Understanding Good-Till-Cancelled Orders
A GTC order is useful for traders who want to set entry or exit points without constantly monitoring the market. Once placed, the order remains valid indefinitely until it is either executed at the specified price or manually cancelled by the trader.
For example, if a trader wants to buy a stock at £50 but the current price is £55, they can place a GTC buy order at £50. The order will remain open until the price reaches £50 and executes or until the trader cancels it.
How Good-Till-Cancelled Orders Work
- Trader Places a GTC Order – Specifies a price level for buying or selling.
- Order Remains Active – Unlike day orders, it stays open beyond a single trading session.
- Execution or Cancellation – The order is executed if the price reaches the specified level or remains open until cancelled.
Benefits of Good-Till-Cancelled Orders
- Convenience – No need to manually place orders daily.
- Precision Trading – Helps traders execute trades at preferred price levels without watching the market constantly.
- Effective for Long-Term Strategies – Useful for investors waiting for favourable price levels.
Common Challenges of GTC Orders
- Market Fluctuations – Prices may not reach the specified level for a long time, leaving the order unfilled.
- Brokerage Expiry Limits – Some brokers cancel GTC orders after a set period (e.g., 30–90 days).
- Price Slippage – If the market moves too fast, execution might not happen at the exact specified price.
GTC vs. Other Order Types
Order Type | Validity | Best For |
---|---|---|
GTC Order | Until executed or cancelled | Long-term strategies |
Day Order | Expires at market close | Short-term trades |
Good-Till-Date (GTD) | Expires on a set date | Time-sensitive trades |
Immediate-Or-Cancel (IOC) | Must execute immediately or cancel | Quick execution |
Fill-Or-Kill (FOK) | Must fully execute immediately or cancel | High-volume trades |
Best Practices for Using GTC Orders
- Use for Key Support and Resistance Levels – Place orders at critical price points to catch potential reversals.

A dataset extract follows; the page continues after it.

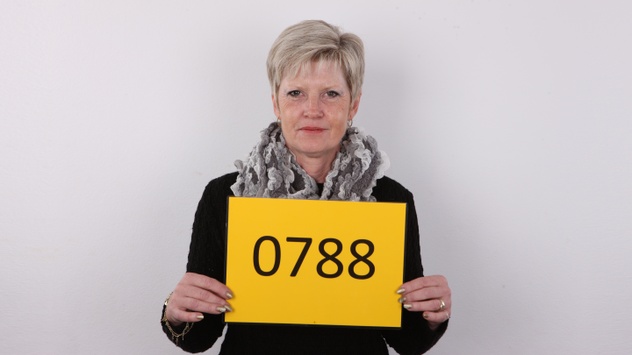 Jitka (54)
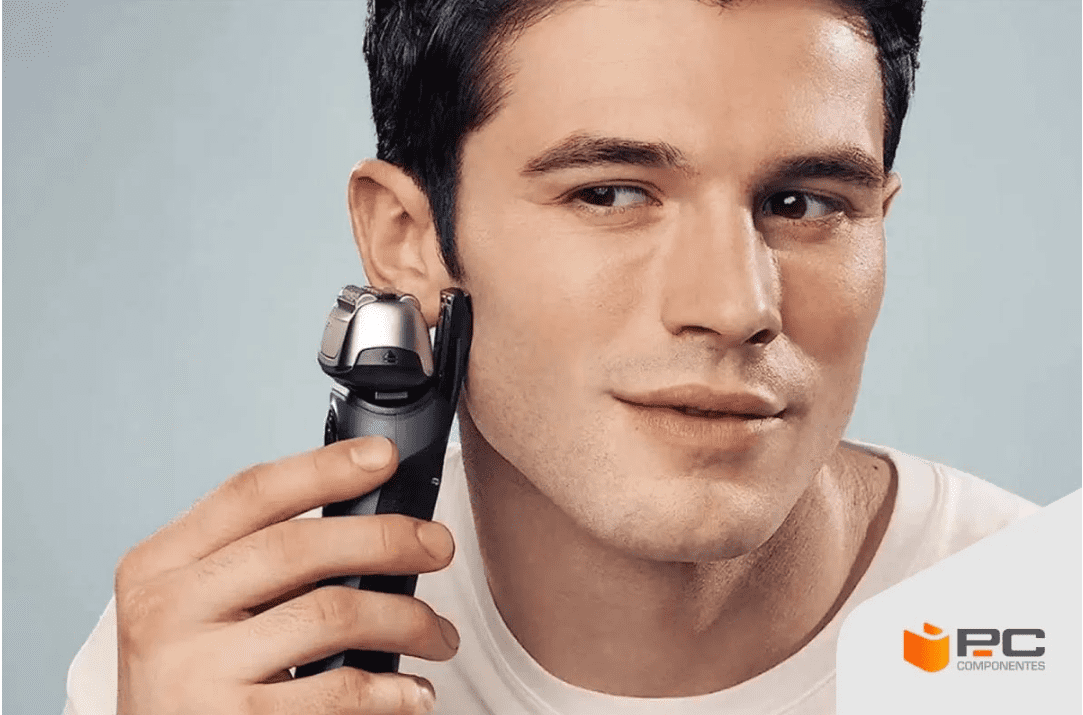 Os melhores presentes de Natal para homem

- Monitor Orders Regularly – Prices and market conditions change, so review GTC orders periodically.
- Set Realistic Price Targets – Avoid setting extreme price levels that may never be reached.
- Check Broker Policies – Some brokers cancel GTC orders after a specified duration.
FAQs
What is a Good-Till-Cancelled (GTC) order?
A GTC order remains active until it is executed or manually cancelled by the trader.
How long does a GTC order last?
It lasts indefinitely unless executed or cancelled, but some brokers set expiration limits (e.g., 30–90 days).
What is the difference between a GTC and a day order?
A GTC order remains active beyond a single trading day, while a day order expires at market close if not executed.
Can I modify a GTC order after placing it?
Yes, most brokers allow modifications to price levels or order size before execution.
Do GTC orders work in forex trading?
Yes, forex traders can use GTC orders to set long-term entry or exit points.
Are GTC orders automatically cancelled after a certain period?
Some brokers may cancel them after a specific period (e.g., 30 days), so check with your broker.
What happens if a GTC order is never executed?
It remains open until the price reaches the specified level or the trader cancels it manually.
Is a GTC order good for stop-loss or take-profit strategies?
Yes, traders use GTC orders to set stop-loss or take-profit levels for long-term positions.
Can a GTC order be partially filled?
Yes, if only part of the order is matched with available liquidity, the remaining portion stays open.
What is the risk of using GTC orders?
The main risk is market fluctuations, where prices may never reach the set level, leaving the order unfilled.
A Good-Till-Cancelled (GTC) order is an essential tool for traders who want to automate their trading strategy without monitoring markets constantly. However, traders must review their orders regularly and ensure they align with current market conditions.